It's been seven years since Peter Wolf last released a solo album, but the J. Geils Band frontman is planning to end that drought later this year.

Wolf tells Billboard.com that his as-yet-untitled album, his first since "Sleepless" in 2002, will be out "sometime during the summer" on a Universal Music Group label. He's been recording in New York and Boston and recruited guests such as Merle Haggard, Shelby Lynn, Neko Case and Larry Campbell (Bob Dylan, Elvis Costello, Emmylou Harris).

"It's been a lot of hard work, but it's seeming worthwhile," says Wolf, who produced the album. "There's a lot of meat and potatoes, some songs on there that are great, emotionally close to me. It's heart-felt type of music; it's just country, honky-tonk, hillbilly, R&B, blues, rock -- it all kind of gets whisked around, because I love it all. It's got the Woofa Goofa Mama Twofer seal of excitement."

Wolf says he's recorded "a bunch" of songs for the project but expects 13 to be on the final track list. And for now he's being circumspect about song titles and lyrical subjects.

"The songs kind of speak for themselves, and I'd rather they do that," he explains. "You can sort of go on about the content of a song or the meaning of a song, but unless someone is familiar with it...For me as a fan of music, it doesn't mean much until I've heard it, so I'm gonna wait for that to happen with these (songs)."

Wolf -- who was on the road with Kid Rock's Rock N Roll Revival Tour in 2008 -- says he plans to tour in support of the album as well, mostly in "intimate venues" in key cities. "I'm looking forward to getting out on the highways and byways and playing a whole retrospective of a lot of that (solo) stuff," he says.

Before that happens, however, Wolf will revisit his Geils past on April 24-25, when the group reunites for a pair of concerts in its "adopted home town" of Detroit. There are "no plans" for any further Geils projects, but Wolf says the shows will help a bit to set up the new album's release.

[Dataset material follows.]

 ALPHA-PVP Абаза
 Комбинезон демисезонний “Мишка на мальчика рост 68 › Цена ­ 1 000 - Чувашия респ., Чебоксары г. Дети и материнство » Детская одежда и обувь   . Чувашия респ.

"The Geils shows are exciting," he acknowledges. "They are a part of my life that I love and that I treat with great respect. But the (solo work) also is another part of my life that I also treat with great respect. As a musician I feel honored and value that I have different palettes and different things to choose from. It's the totality of it all that makes it exciting for me and keeps me going and motivates me and still keeps me a hard-driving man."